- **DATASET CONTENT**:
Content starts
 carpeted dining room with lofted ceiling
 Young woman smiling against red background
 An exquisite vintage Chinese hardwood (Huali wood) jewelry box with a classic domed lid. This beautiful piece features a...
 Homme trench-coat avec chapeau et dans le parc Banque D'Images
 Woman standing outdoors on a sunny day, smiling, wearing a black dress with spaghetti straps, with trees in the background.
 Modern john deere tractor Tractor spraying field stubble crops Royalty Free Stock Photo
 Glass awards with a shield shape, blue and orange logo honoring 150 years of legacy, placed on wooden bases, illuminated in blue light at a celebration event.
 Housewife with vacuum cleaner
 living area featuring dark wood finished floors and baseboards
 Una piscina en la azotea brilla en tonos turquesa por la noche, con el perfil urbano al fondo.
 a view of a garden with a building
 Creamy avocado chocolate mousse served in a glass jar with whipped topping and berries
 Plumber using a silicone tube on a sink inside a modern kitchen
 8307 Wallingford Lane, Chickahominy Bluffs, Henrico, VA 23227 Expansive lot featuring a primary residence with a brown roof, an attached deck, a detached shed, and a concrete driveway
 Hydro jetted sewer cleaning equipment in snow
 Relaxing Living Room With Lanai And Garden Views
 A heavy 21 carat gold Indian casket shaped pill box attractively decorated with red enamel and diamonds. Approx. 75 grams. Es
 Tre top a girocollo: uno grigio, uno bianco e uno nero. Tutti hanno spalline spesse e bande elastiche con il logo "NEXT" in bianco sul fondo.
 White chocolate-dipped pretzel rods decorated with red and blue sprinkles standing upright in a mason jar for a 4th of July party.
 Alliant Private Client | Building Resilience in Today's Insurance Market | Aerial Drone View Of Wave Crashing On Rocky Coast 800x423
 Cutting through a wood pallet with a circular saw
Content ends
- **WHAT TO WORK ON**:
The entries above hold a line with "8307 Wallingford Lane, Chickahominy" and a later line with "Relaxing Living Room". Write out exactly those lines and all lines between, nothing more.

- **ANSWER TO THIS PROBLEM**:
 8307 Wallingford Lane, Chickahominy Bluffs, Henrico, VA 23227 Expansive lot featuring a primary residence with a brown roof, an attached deck, a detached shed, and a concrete driveway
 Hydro jetted sewer cleaning equipment in snow
 Relaxing Living Room With Lanai And Garden Views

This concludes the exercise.